DATA SUPPLIED section start

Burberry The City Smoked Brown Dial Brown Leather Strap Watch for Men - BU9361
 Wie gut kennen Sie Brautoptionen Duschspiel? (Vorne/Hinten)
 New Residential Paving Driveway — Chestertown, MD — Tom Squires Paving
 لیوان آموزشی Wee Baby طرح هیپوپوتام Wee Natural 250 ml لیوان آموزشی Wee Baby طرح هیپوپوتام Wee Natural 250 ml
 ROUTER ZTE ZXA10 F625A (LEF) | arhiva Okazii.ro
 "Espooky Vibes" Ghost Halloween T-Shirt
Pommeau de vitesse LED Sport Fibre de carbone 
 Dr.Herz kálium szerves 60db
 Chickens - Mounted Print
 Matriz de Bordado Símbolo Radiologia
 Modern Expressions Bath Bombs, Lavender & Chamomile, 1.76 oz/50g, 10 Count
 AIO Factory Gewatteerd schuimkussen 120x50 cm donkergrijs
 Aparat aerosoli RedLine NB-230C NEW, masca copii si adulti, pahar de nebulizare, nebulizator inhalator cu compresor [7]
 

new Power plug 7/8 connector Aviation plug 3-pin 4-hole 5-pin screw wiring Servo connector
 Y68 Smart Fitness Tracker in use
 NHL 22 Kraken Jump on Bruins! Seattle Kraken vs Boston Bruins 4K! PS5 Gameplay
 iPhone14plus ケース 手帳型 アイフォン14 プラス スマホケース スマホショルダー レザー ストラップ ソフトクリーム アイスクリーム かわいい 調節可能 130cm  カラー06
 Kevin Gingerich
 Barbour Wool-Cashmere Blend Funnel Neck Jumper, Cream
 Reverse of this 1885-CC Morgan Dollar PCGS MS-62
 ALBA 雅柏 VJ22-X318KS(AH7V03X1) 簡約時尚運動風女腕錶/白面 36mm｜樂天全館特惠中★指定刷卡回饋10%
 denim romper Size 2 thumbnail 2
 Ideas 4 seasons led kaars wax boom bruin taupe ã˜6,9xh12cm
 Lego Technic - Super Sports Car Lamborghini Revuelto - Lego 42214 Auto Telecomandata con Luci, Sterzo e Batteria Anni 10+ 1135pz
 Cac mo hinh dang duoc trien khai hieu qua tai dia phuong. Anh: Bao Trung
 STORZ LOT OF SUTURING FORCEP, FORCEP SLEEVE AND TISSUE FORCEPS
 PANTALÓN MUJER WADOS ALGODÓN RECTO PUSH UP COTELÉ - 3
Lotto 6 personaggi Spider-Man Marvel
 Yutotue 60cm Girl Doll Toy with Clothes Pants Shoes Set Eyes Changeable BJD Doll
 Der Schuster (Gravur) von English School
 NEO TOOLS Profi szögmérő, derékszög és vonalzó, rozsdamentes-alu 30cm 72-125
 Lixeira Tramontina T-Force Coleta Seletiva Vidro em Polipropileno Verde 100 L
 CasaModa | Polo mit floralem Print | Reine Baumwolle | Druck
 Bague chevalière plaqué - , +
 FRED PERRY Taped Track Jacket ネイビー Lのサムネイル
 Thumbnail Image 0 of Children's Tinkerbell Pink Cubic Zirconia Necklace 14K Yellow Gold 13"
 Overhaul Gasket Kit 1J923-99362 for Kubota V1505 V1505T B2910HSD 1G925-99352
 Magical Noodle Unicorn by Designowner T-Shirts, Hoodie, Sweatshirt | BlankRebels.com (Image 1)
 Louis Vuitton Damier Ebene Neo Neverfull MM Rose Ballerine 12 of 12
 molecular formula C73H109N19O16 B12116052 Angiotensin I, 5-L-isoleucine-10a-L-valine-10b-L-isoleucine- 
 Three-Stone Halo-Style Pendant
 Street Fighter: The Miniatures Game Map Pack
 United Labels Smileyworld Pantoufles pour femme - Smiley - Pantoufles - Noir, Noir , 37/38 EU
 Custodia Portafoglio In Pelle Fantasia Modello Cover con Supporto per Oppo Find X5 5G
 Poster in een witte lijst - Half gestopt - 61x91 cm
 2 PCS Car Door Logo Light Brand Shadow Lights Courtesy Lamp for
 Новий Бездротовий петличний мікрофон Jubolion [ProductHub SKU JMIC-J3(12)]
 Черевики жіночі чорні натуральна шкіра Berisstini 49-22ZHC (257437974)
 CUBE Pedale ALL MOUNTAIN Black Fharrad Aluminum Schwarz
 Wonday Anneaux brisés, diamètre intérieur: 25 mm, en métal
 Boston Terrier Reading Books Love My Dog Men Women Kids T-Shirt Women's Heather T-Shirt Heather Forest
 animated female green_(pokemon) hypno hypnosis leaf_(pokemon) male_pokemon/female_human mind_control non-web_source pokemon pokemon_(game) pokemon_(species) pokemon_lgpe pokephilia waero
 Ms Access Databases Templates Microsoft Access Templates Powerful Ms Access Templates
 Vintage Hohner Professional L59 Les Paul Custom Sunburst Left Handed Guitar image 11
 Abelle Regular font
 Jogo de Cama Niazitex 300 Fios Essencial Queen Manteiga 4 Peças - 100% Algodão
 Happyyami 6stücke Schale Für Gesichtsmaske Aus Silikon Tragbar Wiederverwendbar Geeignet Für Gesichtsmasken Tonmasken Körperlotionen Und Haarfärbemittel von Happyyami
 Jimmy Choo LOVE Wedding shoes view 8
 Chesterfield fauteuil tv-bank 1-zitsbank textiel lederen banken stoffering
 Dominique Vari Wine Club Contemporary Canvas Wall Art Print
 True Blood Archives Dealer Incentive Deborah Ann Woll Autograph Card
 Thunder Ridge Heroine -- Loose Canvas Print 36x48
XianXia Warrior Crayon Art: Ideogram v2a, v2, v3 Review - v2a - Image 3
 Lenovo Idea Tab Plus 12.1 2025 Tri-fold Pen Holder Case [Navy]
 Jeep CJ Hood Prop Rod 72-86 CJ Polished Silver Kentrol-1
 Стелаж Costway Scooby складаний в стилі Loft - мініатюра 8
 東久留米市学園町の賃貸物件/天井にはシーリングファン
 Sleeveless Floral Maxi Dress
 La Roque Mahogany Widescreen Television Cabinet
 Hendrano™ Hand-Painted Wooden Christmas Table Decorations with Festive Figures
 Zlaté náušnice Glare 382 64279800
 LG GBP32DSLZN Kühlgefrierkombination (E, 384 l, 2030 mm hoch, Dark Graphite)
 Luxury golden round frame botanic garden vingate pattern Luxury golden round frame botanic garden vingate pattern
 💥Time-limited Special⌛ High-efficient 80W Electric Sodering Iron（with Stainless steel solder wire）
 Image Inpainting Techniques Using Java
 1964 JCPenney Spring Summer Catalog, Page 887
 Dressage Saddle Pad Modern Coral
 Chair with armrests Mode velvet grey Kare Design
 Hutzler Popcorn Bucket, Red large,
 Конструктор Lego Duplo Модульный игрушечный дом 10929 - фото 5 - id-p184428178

DATA SUPPLIED section end

--- WHAT YOU ARE ASKED TO DO ---
What you give back should be exactly the lines of the data above from the line with "Dominique Vari Wine" through the line with "Image Inpainting Techniques Using Java", both of those included, and nothing more.

--- RESPONSE ---
 Dominique Vari Wine Club Contemporary Canvas Wall Art Print
 True Blood Archives Dealer Incentive Deborah Ann Woll Autograph Card
 Thunder Ridge Heroine -- Loose Canvas Print 36x48
XianXia Warrior Crayon Art: Ideogram v2a, v2, v3 Review - v2a - Image 3
 Lenovo Idea Tab Plus 12.1 2025 Tri-fold Pen Holder Case [Navy]
 Jeep CJ Hood Prop Rod 72-86 CJ Polished Silver Kentrol-1
 Стелаж Costway Scooby складаний в стилі Loft - мініатюра 8
 東久留米市学園町の賃貸物件/天井にはシーリングファン
 Sleeveless Floral Maxi Dress
 La Roque Mahogany Widescreen Television Cabinet
 Hendrano™ Hand-Painted Wooden Christmas Table Decorations with Festive Figures
 Zlaté náušnice Glare 382 64279800
 LG GBP32DSLZN Kühlgefrierkombination (E, 384 l, 2030 mm hoch, Dark Graphite)
 Luxury golden round frame botanic garden vingate pattern Luxury golden round frame botanic garden vingate pattern
 💥Time-limited Special⌛ High-efficient 80W Electric Sodering Iron（with Stainless steel solder wire）
 Image Inpainting Techniques Using Java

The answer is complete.